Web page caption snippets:

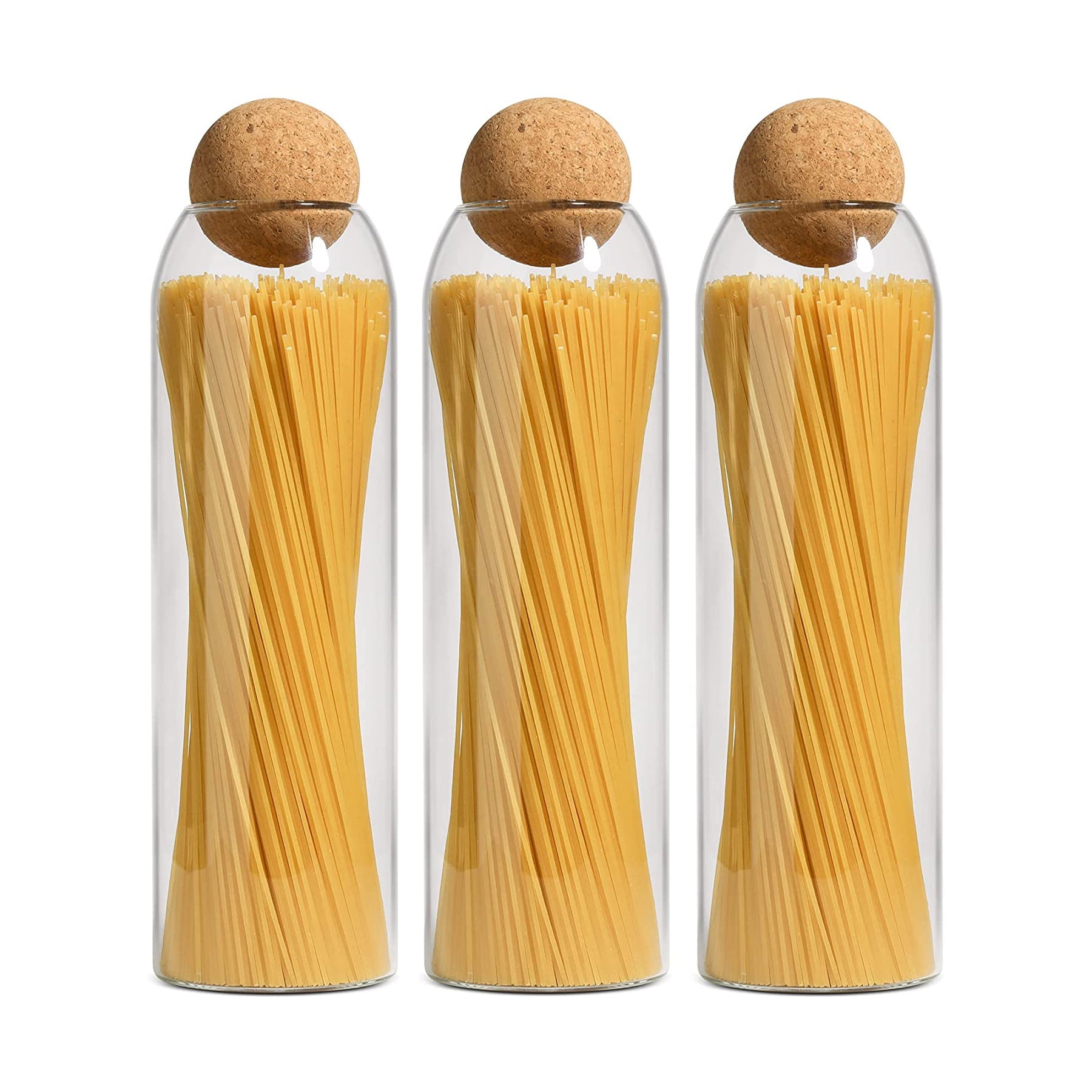 ComSaf Glass Storage Jars with Ball Cork Lid, 50 oz, Set of 3, Round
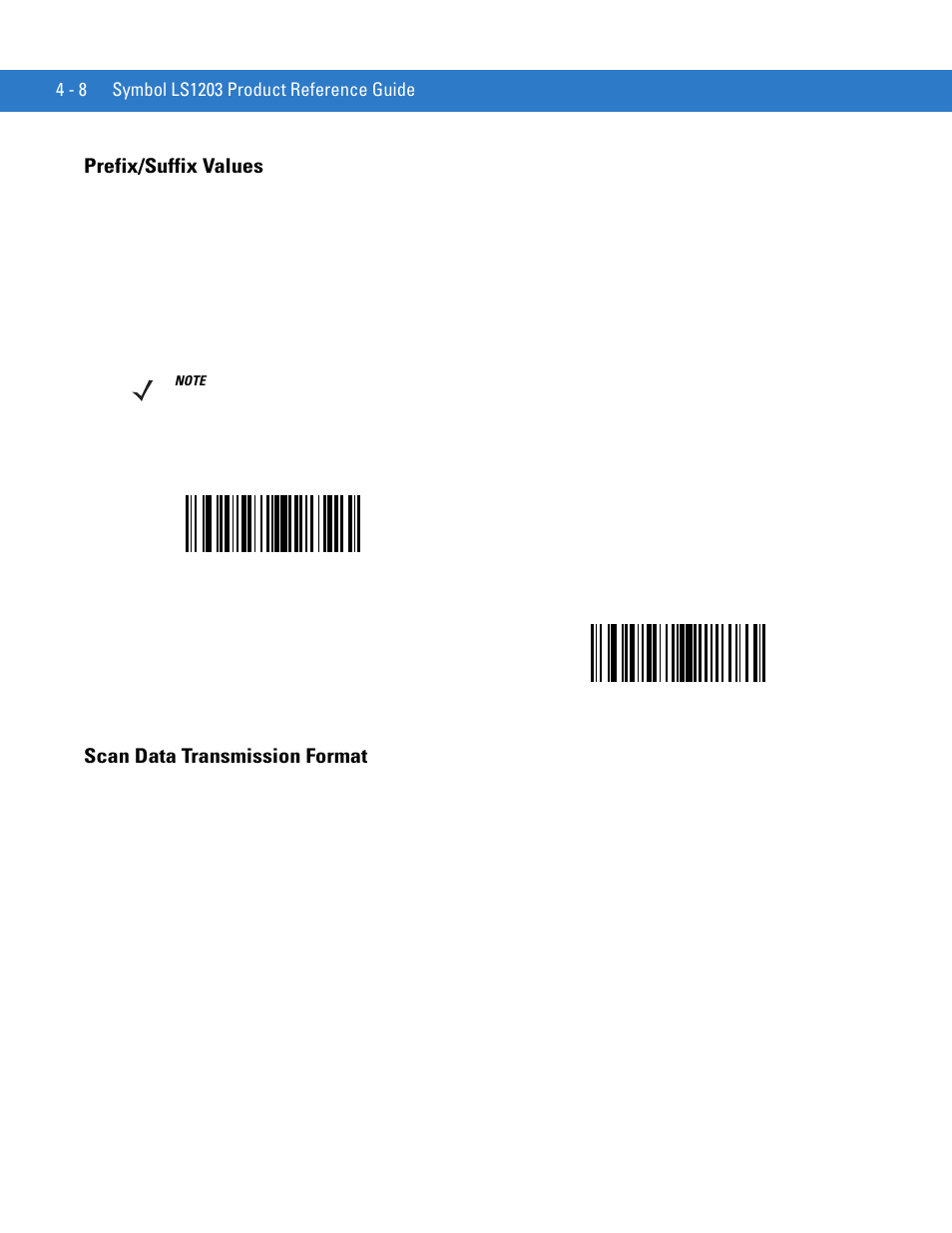 Prefix/suffix values, Scan data transmission format | Motorola LS1203 User Manual | Page 46 / 202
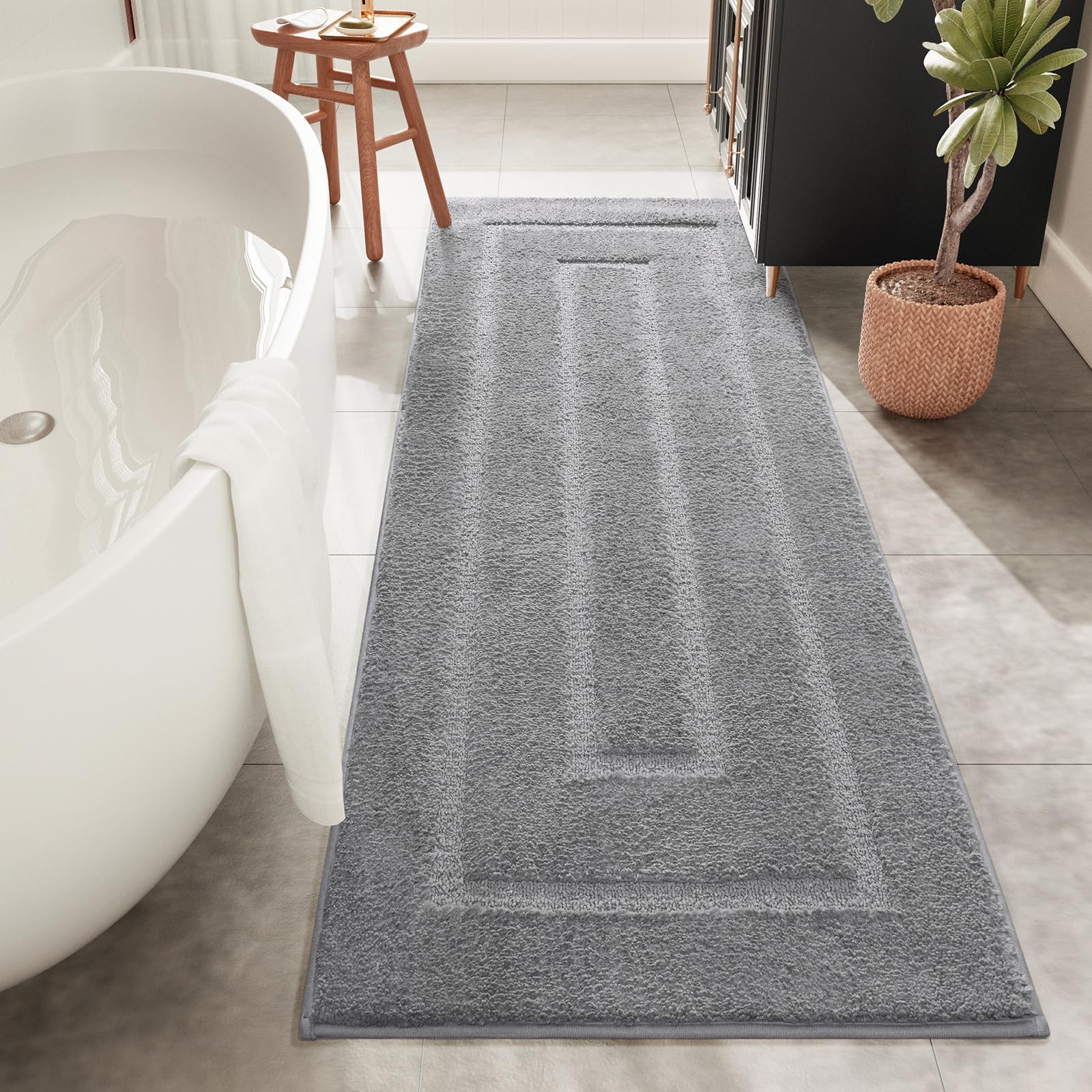 HOMORE 24x70 inch Long Bathroom Rug, Grey Absorbent Microfiber Bathroom Runner Rug, TPR Backing Non Slip Bath Rug for Bathroom, 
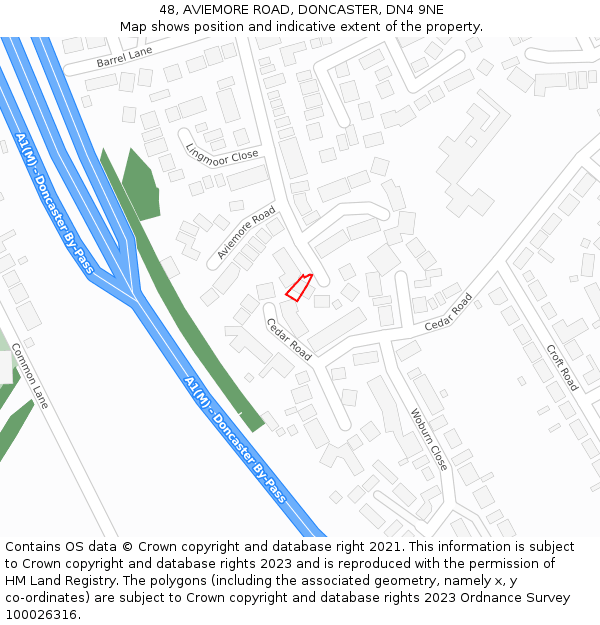 48, AVIEMORE ROAD, DONCASTER, DN4 9NE: Location map and indicative extent of plot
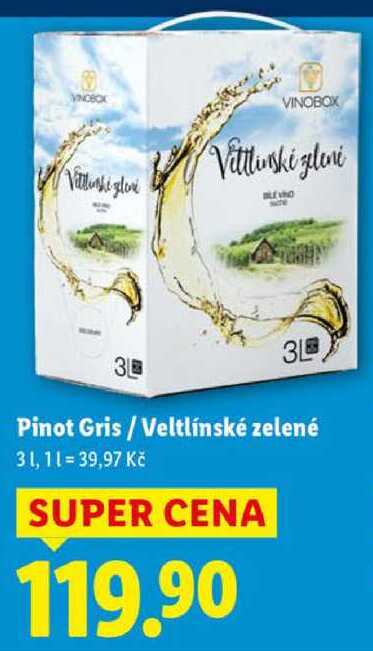 Pinot Gris/Veltlínské zelené, 3 l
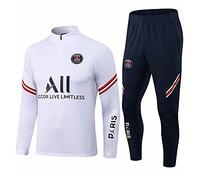 WDDWYHLL Survêtement de football Paris - Pour homme - Manches longues - Respirant - Entraînement sportif - Fitness - Survêtement de course - Survêtement - Survêtement de jogging, Blanc., L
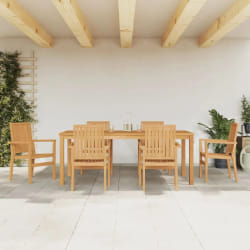 vidaXL Ensemble à manger de jardin 7 pcs Bois de teck solide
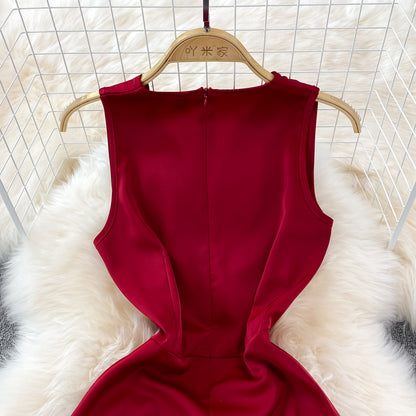 Red V Neck Irregular Dress RF0095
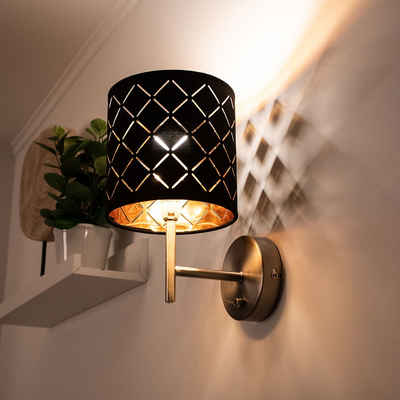 etc-shop Wandleuchte, Leuchtmittel nicht inklusive, Wand Lampe Textil schwarz Arbeits Wohn Zimmer Beleuchtung Schalter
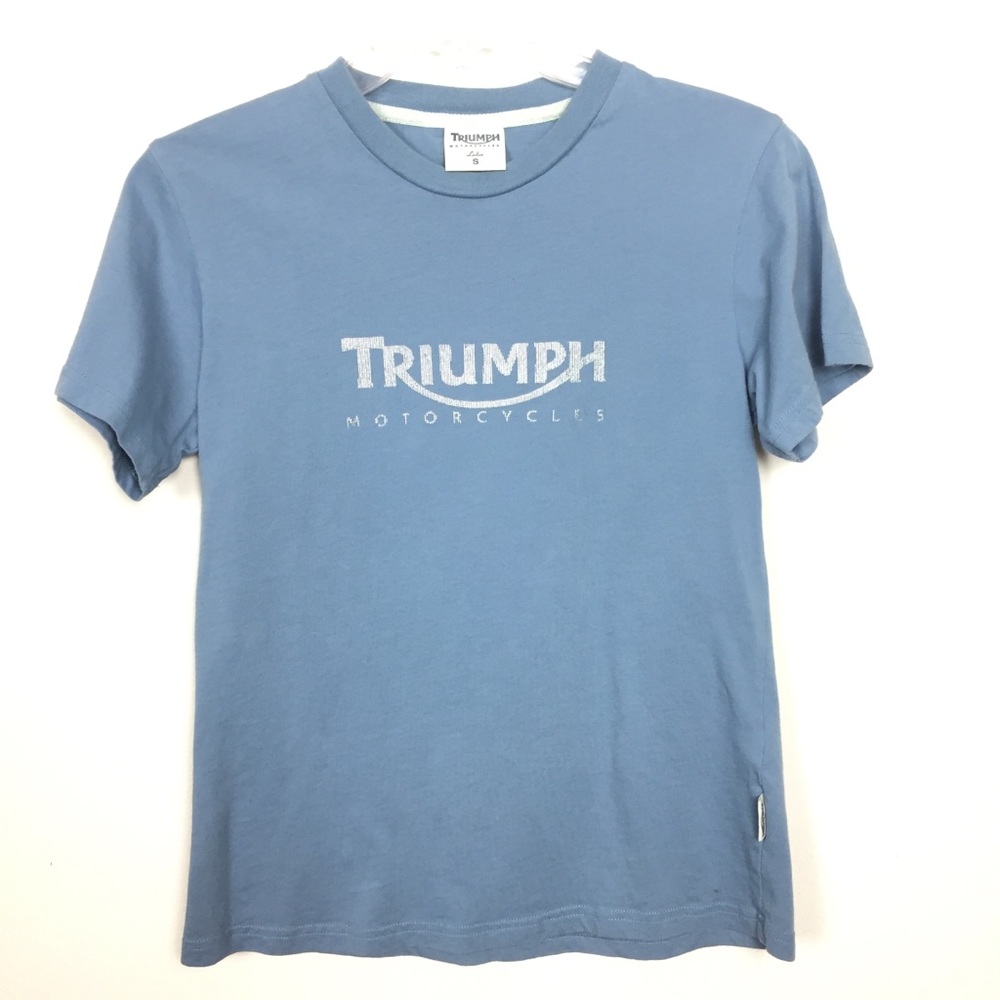 TRIUMPH Motorcycle Graphic Tee Small Blue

§ WHAT YOU HAVE TO DO: Give the data above again, exactly and completely. No pictures go in.

§ ANSWER FOR THE TASK:
 ComSaf Glass Storage Jars with Ball Cork Lid, 50 oz, Set of 3, Round
 Prefix/suffix values, Scan data transmission format | Motorola LS1203 User Manual | Page 46 / 202
 HOMORE 24x70 inch Long Bathroom Rug, Grey Absorbent Microfiber Bathroom Runner Rug, TPR Backing Non Slip Bath Rug for Bathroom, 
 48, AVIEMORE ROAD, DONCASTER, DN4 9NE: Location map and indicative extent of plot
 Pinot Gris/Veltlínské zelené, 3 l
 WDDWYHLL Survêtement de football Paris - Pour homme - Manches longues - Respirant - Entraînement sportif - Fitness - Survêtement de course - Survêtement - Survêtement de jogging, Blanc., L
 vidaXL Ensemble à manger de jardin 7 pcs Bois de teck solide
 Red V Neck Irregular Dress RF0095
 etc-shop Wandleuchte, Leuchtmittel nicht inklusive, Wand Lampe Textil schwarz Arbeits Wohn Zimmer Beleuchtung Schalter
 TRIUMPH Motorcycle Graphic Tee Small Blue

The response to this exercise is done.